5度の優勝をはじめ、2度のファイナルMVPやシーズンMVP(1度)、オールスターMVPには歴代トップタイの4度も輝き、NBAファイナルという頂上決戦には7度も勝ち進んだ実績を持つ。
00年から02年まではシャックことシャキール・オニール(元レイカーズほか)と共に3連覇を達成。09、10年には自身が中心となって2連覇を成し遂げたのだが、レイカーズで真のリーダーとなるにあたり、ターニングポイントがあったことを明かした。

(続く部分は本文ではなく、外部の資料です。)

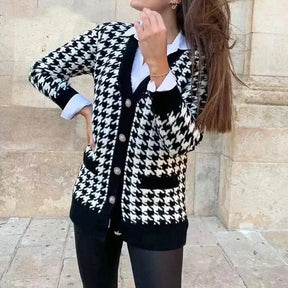 Cardigan de Lã Premium - Classic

07-08シーズン。レイカーズはシーズン途中にメンフィス・グリズリーズとのトレードでオールスタービッグマンのパウ・ガソル(現ミルウォーキー・バックス)を獲得して戦力増強に成功。ウエスタン・カンファレンストップの57勝25敗をマークし、コービーは自身唯一となるシーズンMVPを獲得。
レイカーズはプレーオフを順調に勝ち上がり、このシーズンにリーグベストの66勝16敗を挙げたボストン・セルティックスとの頂上決戦に挑んだのだが、相手の老かいなディフェンスと巧みなチームオフェンス、ポール・ピアース(元セルティックスほか)の粘りに遭い、2勝4敗で敗退。下馬評ではレイカーズ有利と予想する識者もいただけに、予想よりも早くシリーズは終わりを迎えていた。

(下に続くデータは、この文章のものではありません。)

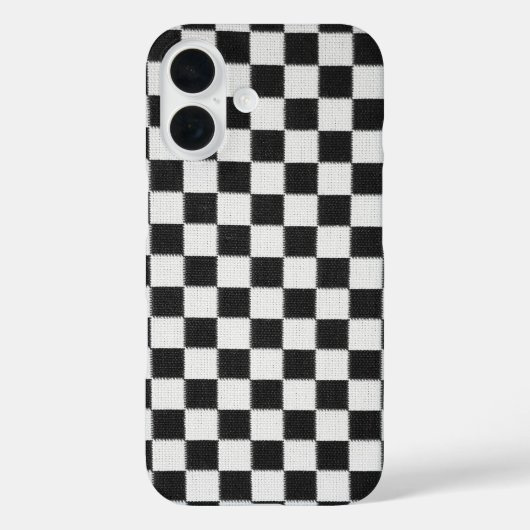 黒と白の市松模様 Case-Mate iPhoneケース (裏面)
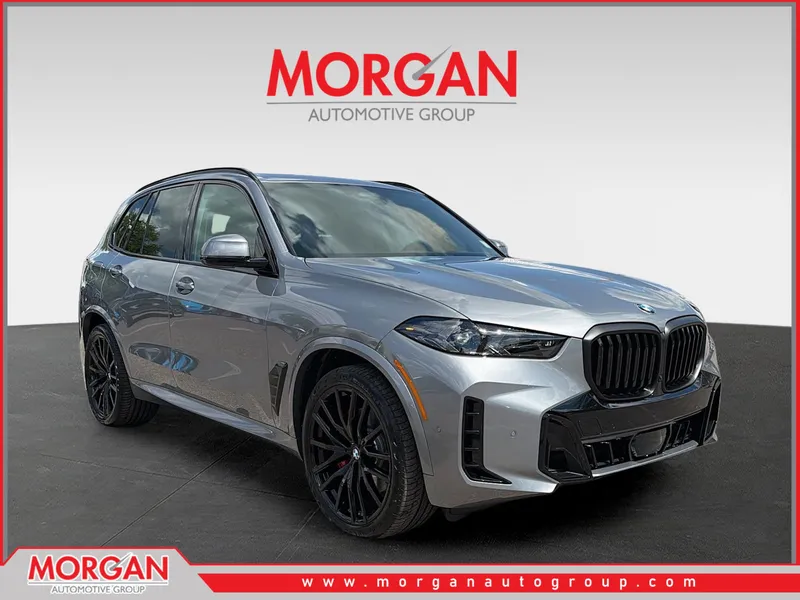2026 BMW X5 xDrive40i in Skyscraper Grey Metallic — front three-quarter view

その時だった。コービーは自身のメンター(助言者)と呼ぶMJことマイケル・ジョーダン(元シカゴ・ブルズほか)からレイカーズのリーダーになるように言われたことを明かした。3月30日(現地時間29日)に『YouTube』へアップされた『SiriusXM』の動画の中で、コービーはこう語っている。
「俺たちがセルティックスに敗れたあと、マイケルが僕に言ってくれたんだ。『いいかい、君は個人として持ち得るすべてのツールが備わっている。今はどうやってチームメート1人1人を結び付けていくかを理解しなきゃいけない。そして彼らのベストを引き出すんだ』とね」。

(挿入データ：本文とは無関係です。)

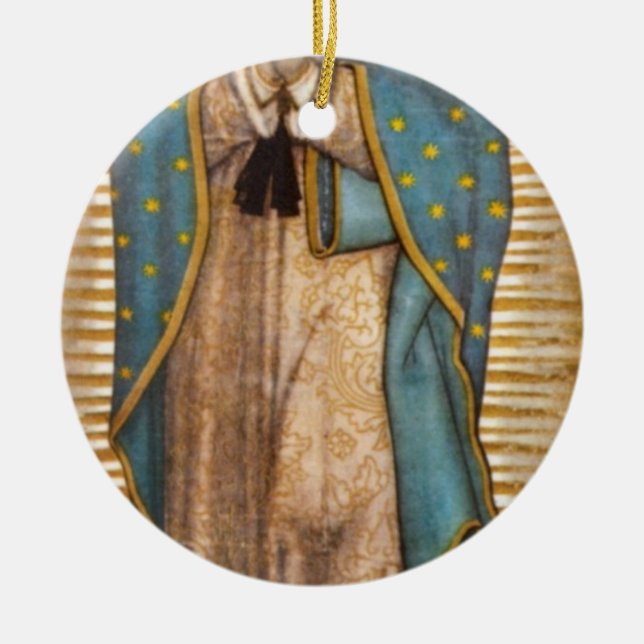 Our Lady Of Guadalupe Ceramic Tree Decoration (Front)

その時点で、コービーは2年連続で得点王に輝いた実績を誇っており、リーグのベストプレーヤーと言っても過言ではないほど驚異的なパフォーマンスを見せていた。しかし、チャンピオンシップを勝ち取るためには名実共にリーダーへと成長することが求められていた。コービーは言う。
「(リーダーになるということは)チームメートたちへ、ただ単にボールをパスして彼らを良くしようとすることじゃない。彼らをベストな状態へと引き上げるべく、どうやって正しいボタンを押せばいいのか、それを理解しなければならないということだったんだ」。
当時のレイカーズにはガソルのほか、ラマー・オドムやデレック・フィッシャー、アンドリュー・バイナム(いずれも元レイカーズほか)、トレバー・アリーザ(現ワシントン・ウィザーズ)といった有能な選手が所属しており、コービーは彼らのベストを引き出すべく、チームとして成長することに尽力。そして「俺がどうやったかって? 俺はそのことを理解したことで、09、10年でチャレンジに成功したってわけさ」とコービーが誇らしげに言及した。
コービー率いるレイカーズは、翌08-09シーズンにウエストトップの65勝17敗を挙げてファイナルへ返り咲き、ドワイト・ハワード(現ウィザーズ)擁するオーランド・マジックを4勝1敗で下して優勝。翌09-10シーズンもウエスト首位の57勝25敗を残し、セルティックスとの頂上決戦へ。2勝3敗へと追い込まれたものの、意地の2連勝で最終戦の末にセルティックスを撃破し、2連覇を達成している。
NBAで優勝することは並大抵のことではない。NBA史上、少なくとも10本の指には入るコービーでさえ、時には苦しい局面を乗り越えて頂点までたどり着いてきたのである。